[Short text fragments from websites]
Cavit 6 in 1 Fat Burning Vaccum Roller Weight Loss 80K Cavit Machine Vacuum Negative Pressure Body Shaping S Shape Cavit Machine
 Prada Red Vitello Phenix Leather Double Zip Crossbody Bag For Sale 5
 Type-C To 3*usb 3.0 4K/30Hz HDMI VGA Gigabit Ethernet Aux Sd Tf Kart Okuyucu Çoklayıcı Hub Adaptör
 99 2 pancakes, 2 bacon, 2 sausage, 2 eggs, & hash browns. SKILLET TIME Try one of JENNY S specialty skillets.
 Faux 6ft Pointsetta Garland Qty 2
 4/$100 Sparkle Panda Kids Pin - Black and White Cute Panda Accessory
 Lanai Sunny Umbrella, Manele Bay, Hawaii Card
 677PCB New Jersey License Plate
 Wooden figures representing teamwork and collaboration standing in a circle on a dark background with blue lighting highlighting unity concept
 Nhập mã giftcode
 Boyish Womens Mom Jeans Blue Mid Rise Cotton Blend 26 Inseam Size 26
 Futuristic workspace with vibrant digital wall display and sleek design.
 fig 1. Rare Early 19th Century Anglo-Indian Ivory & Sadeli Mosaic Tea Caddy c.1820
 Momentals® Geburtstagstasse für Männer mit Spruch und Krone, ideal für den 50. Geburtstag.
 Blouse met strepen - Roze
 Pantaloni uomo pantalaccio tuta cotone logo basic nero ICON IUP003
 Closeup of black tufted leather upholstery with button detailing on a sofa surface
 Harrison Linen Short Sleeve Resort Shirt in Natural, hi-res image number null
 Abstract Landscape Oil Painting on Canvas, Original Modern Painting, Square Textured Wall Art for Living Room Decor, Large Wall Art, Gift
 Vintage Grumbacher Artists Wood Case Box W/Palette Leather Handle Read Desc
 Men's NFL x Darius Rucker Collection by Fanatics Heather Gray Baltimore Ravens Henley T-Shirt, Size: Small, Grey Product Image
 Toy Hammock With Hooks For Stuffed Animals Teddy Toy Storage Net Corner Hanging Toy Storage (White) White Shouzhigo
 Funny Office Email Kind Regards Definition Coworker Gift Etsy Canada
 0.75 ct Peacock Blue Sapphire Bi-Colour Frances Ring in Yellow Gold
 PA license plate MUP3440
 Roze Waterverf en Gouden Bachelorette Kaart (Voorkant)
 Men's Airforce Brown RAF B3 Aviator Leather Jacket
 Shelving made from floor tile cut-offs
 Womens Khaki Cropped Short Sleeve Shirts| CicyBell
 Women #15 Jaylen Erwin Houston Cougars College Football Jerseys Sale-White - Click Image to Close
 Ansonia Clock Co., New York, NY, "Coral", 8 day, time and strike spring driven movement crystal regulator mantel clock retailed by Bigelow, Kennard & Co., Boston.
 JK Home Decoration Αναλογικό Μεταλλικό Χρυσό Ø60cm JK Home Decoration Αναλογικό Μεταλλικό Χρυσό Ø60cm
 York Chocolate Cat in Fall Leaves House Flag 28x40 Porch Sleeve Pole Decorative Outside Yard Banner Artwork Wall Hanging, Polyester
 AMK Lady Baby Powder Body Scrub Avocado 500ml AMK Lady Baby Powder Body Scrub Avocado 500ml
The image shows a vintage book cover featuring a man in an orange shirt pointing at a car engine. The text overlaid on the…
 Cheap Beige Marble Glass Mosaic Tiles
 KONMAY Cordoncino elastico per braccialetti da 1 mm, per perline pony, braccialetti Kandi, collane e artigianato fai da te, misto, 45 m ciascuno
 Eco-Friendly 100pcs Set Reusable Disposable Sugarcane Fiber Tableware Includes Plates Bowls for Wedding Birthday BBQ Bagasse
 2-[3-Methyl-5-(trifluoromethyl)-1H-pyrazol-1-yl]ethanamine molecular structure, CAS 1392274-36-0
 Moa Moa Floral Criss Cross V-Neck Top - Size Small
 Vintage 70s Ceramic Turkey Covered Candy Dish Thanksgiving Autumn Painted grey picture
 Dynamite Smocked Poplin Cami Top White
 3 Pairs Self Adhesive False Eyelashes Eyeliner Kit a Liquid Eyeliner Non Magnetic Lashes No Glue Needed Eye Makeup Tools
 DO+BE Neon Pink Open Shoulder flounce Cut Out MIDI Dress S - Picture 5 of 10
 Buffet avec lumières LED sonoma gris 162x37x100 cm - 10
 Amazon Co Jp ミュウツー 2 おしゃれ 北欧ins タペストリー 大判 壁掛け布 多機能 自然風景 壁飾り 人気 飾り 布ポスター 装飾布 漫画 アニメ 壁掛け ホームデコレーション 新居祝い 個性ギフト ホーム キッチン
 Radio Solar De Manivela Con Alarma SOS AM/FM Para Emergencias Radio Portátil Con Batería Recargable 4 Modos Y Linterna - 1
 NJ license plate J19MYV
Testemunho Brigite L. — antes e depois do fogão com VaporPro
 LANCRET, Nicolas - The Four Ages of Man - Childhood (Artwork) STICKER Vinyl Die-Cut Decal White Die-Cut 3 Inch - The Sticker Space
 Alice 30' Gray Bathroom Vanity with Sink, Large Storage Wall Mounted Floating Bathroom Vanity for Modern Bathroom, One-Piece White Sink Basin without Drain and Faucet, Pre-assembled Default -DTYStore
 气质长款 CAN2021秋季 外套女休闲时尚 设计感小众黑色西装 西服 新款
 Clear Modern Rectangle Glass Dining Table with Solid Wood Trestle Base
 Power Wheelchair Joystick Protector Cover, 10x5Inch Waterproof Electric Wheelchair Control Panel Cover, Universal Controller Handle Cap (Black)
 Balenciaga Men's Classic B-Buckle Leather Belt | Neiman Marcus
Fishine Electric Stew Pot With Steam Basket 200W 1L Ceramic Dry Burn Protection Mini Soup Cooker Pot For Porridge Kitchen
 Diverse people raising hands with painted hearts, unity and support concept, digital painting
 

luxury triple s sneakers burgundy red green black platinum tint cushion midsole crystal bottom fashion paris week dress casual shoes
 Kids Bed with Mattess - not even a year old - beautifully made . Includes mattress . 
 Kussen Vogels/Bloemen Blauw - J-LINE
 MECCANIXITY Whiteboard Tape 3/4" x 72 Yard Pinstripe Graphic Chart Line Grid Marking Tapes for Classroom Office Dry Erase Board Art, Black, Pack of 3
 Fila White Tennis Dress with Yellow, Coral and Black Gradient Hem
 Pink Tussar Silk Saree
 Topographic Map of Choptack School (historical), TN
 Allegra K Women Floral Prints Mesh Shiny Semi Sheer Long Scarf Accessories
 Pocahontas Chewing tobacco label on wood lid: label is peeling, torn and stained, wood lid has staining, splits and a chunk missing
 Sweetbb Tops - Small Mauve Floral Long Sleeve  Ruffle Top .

- **WHAT YOU WILL DO**
Filter the entries above down to the lines containing the word "Ceramic".

- **SOLUTION TO THIS PROBLEM**
 Vintage 70s Ceramic Turkey Covered Candy Dish Thanksgiving Autumn Painted grey picture
Fishine Electric Stew Pot With Steam Basket 200W 1L Ceramic Dry Burn Protection Mini Soup Cooker Pot For Porridge Kitchen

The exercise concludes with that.